We were both very strong, independent people with interesting things going on in our lives. When Young met my mother for the first time, less than a year earlier, he told her we were having fun but that there would be “no cottage, no marriage, and certainly no babies”. It felt as if we had come a very long way, very quickly.
Our post-engagement anxiety was short-lived and seven months later, friends and family surrounded us for our wedding day. It really was the happiest day of my life. My father, who is relieved to be older than my husband, if only by six months, gave a moving speech, noting that even before I’d told him about Young he knew there was someone special in my life because every time we spoke on the phone I had “bubbles in my voice”. I was surprised on the day to realise that I had no nerves, just a calm feeling that this was absolutely the right thing.
When Young began his vows, we locked eyes and the only way I got through mine without wobbling was by holding his gaze. We had only changed the chaplain’s suggested wording in one way – instead of “Until death do us part” we said “For as long as we both shall live”. We were determined that our marriage should reflect our general attitude towards life, and we wanted to emphasise the positives.
Our son, Tom, arrived around 18 months later and having a child has made our “live for the moment” philosophy even more pertinent. I’ll say it so you don’t have to – my husband is probably going to die while our son is still pretty young. Although knowing him as I do, I wouldn’t put money on that. His current stance is that he would be happy if he lived to 95, which is another 33 years. I’m holding out for 100.
Again, we knew that having a child was an enormous decision, and we talked about it endlessly, making sure that we were doing it for the right reasons and not purely selfish ones.
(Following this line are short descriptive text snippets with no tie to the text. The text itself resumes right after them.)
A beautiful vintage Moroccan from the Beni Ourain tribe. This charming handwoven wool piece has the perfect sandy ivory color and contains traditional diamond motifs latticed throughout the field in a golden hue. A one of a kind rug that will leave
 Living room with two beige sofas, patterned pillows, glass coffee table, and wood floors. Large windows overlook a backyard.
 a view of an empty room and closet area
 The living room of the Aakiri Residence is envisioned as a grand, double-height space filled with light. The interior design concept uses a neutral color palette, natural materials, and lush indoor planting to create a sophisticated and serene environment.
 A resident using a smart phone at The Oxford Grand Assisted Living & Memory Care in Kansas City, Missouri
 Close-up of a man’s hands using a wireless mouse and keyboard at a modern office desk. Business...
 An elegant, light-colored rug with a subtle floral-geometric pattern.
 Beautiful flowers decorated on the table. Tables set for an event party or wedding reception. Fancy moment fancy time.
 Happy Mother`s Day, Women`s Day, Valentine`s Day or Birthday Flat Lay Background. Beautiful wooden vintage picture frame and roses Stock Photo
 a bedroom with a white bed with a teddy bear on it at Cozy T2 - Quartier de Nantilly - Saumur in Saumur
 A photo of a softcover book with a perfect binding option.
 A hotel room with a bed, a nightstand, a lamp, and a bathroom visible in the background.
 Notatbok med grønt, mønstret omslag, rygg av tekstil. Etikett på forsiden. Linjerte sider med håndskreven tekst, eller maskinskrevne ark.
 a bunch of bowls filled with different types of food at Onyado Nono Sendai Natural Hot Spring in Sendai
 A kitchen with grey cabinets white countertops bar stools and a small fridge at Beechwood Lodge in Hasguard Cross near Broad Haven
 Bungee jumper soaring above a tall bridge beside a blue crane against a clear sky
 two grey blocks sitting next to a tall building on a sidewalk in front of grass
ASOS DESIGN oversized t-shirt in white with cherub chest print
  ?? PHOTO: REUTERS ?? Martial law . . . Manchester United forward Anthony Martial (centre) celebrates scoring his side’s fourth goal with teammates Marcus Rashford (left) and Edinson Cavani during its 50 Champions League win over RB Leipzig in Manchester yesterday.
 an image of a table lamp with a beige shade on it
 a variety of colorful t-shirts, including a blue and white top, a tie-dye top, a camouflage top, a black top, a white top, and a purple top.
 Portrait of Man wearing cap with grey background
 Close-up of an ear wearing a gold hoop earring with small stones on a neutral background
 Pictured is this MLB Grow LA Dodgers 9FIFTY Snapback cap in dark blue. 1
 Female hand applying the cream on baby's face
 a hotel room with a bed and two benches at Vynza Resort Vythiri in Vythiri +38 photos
We knew we could provide a safe, happy and loving home for a baby, but how would we work things out financially in the future, given the different stages we were at in our careers? How would our child cope if his daddy’s health declined? How would I manage if I ended up being a carer for my child and husband? What if he or she were bullied at school because dad looked like grandpa?
There were many questions we couldn’t answer definitively, but in the end we had to trust our instincts.
There are no guarantees, whatever your age. We know very well that couples the same age, who look like a perfect match on paper, can’t always make things work when they have children. Neither Young nor I had a particularly straightforward childhood and, perhaps because of that, we are convinced that having an awesome father around, even for a short while, is vastly preferable to having an uninvolved or uncaring father around for life.
My two boys love each other so dearly and when I was struggling in the early days of motherhood, it was seeing their love for each other that helped me come to terms with our new life. Not only was Young right beside me for every 2am feed and 5am nappy change, my physical and mental recovery from a difficult birth was only made bearable by the glimpses I caught of him pacing the room with Tom, whispering his love and singing lullabies.
Tom has just turned two, and it has been an immense pleasure to watch their relationship develop. Young remains as involved as he was in the first weeks, with every aspect of our son’s care. Aside from the practicalities, though, they have an incredible bond.
Some things will never change, and we accept that. We still get odd looks when we go out. I am sure there are still those who think our relationship is wrong. But what could be wrong about two people in love, happily married and bringing up their son?